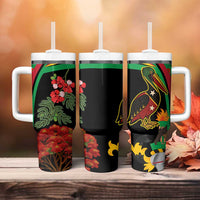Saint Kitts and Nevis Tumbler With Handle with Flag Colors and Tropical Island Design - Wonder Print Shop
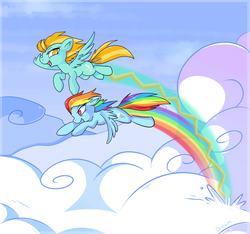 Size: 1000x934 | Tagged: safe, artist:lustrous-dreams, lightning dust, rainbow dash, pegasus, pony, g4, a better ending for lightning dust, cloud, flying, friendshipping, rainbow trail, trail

...

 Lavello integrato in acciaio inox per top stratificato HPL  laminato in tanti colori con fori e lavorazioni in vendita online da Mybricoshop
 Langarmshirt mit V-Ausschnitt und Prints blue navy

◆ WHAT THE TASK ASKS ◆
Please copy the lines above exactly, starting at the line that holds "Saint Kitts and" and ending at the line that holds "Size: 1000x934 |"; include both, but no pictures.

◆ PROBLEM SOLUTION ◆
Saint Kitts and Nevis Tumbler With Handle with Flag Colors and Tropical Island Design - Wonder Print Shop
 Size: 1000x934 | Tagged: safe, artist:lustrous-dreams, lightning dust, rainbow dash, pegasus, pony, g4, a better ending for lightning dust, cloud, flying, friendshipping, rainbow trail, trail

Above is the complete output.